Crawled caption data
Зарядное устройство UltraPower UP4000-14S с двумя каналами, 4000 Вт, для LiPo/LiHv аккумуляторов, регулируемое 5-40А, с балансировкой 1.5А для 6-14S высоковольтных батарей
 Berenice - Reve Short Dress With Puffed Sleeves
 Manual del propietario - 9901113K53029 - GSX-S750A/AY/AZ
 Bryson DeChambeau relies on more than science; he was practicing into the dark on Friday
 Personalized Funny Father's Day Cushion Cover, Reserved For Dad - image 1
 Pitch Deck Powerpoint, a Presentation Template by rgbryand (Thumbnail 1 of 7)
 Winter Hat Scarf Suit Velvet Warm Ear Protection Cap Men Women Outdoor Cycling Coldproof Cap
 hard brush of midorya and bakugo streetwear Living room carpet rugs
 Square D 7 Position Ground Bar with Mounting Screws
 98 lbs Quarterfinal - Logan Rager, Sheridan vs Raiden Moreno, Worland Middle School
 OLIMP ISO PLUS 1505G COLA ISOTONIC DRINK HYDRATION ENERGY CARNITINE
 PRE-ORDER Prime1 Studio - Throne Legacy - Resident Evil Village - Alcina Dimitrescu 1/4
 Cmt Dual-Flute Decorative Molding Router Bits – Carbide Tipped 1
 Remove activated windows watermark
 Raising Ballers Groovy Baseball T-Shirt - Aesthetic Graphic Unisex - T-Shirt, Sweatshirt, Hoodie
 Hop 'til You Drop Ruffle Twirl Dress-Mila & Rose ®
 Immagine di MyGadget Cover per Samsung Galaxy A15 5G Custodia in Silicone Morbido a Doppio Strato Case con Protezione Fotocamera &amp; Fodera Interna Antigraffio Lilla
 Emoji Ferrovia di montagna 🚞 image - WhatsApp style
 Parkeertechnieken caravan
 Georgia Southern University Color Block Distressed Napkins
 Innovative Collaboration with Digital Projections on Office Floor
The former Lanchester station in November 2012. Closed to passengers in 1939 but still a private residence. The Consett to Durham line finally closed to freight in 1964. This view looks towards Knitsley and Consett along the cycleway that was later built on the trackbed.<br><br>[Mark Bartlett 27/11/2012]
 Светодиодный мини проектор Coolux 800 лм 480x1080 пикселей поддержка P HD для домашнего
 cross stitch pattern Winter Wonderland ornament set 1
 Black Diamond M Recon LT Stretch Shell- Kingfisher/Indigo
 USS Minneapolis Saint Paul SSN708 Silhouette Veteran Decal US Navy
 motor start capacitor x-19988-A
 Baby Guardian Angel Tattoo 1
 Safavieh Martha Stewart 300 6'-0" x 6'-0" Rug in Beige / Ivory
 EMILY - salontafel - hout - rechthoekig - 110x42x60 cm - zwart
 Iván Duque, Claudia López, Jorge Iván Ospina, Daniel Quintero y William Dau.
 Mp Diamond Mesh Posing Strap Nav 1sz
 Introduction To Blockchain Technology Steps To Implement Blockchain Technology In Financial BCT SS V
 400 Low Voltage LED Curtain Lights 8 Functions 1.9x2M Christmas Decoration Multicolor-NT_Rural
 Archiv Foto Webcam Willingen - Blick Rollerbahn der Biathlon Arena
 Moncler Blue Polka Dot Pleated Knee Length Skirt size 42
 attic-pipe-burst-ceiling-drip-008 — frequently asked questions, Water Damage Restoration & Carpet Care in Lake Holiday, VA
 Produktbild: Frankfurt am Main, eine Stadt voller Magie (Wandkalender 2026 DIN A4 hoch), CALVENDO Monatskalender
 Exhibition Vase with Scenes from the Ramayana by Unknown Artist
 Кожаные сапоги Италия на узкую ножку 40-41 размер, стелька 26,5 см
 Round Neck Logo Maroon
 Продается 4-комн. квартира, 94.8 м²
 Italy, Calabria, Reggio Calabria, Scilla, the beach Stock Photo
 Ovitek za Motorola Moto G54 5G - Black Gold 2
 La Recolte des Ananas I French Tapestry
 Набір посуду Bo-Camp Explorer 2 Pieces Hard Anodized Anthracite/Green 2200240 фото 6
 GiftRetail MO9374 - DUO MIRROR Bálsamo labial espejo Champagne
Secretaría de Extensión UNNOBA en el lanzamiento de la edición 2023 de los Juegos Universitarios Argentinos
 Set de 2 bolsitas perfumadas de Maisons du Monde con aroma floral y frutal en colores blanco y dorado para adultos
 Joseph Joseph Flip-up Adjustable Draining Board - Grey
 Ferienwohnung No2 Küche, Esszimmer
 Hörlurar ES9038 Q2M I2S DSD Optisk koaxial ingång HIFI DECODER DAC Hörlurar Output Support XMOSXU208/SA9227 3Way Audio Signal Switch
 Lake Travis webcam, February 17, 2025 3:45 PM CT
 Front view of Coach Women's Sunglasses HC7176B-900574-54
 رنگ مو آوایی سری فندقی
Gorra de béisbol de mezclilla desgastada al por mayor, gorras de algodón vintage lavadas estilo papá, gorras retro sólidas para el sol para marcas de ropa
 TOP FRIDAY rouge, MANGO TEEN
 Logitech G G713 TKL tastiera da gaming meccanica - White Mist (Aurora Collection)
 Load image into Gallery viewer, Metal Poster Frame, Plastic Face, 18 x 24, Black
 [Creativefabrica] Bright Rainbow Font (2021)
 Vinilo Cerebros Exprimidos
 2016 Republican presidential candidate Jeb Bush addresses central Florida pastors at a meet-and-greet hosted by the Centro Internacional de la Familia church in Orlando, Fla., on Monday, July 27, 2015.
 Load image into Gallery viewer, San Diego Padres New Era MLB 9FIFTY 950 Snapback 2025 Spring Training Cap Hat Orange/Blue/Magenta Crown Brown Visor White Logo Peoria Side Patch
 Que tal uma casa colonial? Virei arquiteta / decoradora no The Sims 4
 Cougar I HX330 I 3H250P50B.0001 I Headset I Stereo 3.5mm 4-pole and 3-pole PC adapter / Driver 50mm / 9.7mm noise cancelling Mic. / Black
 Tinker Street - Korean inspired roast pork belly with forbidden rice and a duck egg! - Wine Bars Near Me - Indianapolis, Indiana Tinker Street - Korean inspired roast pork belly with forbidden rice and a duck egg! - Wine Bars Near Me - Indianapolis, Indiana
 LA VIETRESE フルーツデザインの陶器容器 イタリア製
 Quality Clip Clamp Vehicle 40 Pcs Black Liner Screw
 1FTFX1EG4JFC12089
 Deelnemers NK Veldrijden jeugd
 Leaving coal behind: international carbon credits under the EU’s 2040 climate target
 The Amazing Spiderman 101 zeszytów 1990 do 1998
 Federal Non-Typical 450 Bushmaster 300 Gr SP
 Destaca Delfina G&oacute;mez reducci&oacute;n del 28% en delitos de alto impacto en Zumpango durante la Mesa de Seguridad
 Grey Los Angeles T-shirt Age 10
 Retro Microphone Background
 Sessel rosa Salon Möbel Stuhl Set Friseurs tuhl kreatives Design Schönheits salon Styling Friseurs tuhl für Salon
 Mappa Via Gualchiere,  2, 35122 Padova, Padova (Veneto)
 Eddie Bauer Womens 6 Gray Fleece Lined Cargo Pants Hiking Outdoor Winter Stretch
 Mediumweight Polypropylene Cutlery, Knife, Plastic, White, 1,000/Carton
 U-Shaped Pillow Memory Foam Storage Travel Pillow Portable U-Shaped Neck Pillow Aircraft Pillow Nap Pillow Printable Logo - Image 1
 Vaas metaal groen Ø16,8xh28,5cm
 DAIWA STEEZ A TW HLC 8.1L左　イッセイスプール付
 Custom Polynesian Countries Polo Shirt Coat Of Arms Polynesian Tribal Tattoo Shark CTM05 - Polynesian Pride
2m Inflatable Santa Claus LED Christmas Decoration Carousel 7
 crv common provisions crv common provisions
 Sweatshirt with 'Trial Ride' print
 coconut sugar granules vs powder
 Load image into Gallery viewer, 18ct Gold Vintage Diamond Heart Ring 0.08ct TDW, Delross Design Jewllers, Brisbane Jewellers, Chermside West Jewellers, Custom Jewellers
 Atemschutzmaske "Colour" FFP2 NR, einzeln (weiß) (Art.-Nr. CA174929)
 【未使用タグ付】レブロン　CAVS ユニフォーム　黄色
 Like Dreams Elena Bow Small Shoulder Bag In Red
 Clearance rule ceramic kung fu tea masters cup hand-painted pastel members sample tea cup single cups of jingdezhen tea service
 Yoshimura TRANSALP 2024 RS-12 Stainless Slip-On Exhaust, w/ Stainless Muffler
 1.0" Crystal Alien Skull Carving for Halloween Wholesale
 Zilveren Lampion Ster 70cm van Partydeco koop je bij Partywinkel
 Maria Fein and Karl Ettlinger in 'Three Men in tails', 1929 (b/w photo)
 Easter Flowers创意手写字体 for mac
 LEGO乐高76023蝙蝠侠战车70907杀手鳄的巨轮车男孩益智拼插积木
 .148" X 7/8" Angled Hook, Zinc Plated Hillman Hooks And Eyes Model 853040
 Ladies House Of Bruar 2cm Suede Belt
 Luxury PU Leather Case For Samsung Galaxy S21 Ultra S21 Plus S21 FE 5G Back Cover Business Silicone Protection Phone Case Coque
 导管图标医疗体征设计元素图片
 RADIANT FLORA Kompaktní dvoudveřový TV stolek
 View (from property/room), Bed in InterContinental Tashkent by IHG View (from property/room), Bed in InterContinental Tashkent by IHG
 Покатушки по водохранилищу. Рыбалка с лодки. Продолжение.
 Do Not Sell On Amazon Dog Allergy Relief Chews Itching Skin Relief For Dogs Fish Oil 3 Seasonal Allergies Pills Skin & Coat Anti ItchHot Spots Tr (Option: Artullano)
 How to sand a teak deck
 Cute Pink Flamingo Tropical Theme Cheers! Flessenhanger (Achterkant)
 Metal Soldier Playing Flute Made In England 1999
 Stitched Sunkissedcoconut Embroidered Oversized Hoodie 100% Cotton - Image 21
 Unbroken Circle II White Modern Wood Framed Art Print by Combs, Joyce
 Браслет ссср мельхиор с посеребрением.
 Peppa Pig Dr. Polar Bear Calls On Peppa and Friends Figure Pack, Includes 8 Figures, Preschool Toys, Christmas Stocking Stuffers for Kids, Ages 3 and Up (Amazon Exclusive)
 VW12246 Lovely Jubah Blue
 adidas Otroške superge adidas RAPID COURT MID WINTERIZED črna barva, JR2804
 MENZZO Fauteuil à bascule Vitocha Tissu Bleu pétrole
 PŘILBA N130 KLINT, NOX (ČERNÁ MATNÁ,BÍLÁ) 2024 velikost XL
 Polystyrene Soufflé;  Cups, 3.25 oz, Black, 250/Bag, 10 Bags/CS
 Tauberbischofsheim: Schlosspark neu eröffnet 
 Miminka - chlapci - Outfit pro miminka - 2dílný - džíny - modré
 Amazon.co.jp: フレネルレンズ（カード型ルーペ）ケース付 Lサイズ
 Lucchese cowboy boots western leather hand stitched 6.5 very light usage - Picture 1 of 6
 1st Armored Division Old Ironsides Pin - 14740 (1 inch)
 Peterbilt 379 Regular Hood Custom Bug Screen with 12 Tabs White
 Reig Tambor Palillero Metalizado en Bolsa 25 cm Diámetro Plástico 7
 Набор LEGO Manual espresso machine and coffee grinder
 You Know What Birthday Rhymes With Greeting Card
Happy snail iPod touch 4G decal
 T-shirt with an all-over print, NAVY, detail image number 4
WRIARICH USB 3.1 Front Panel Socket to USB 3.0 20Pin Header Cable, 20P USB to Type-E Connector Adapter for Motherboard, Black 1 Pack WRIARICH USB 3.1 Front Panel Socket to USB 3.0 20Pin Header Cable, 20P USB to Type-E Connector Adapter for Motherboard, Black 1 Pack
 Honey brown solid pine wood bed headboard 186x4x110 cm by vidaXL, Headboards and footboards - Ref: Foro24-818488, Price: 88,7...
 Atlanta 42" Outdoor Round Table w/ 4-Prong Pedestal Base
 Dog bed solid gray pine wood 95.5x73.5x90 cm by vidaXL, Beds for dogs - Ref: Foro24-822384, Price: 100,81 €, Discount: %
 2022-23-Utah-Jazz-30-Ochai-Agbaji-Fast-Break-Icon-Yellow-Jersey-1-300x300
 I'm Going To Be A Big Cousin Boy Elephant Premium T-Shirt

- [What is needed]: Lines containing the word "Sweatshirt" are to be tallied across the entries above; give only the resulting count.

- [Solved problem]: 2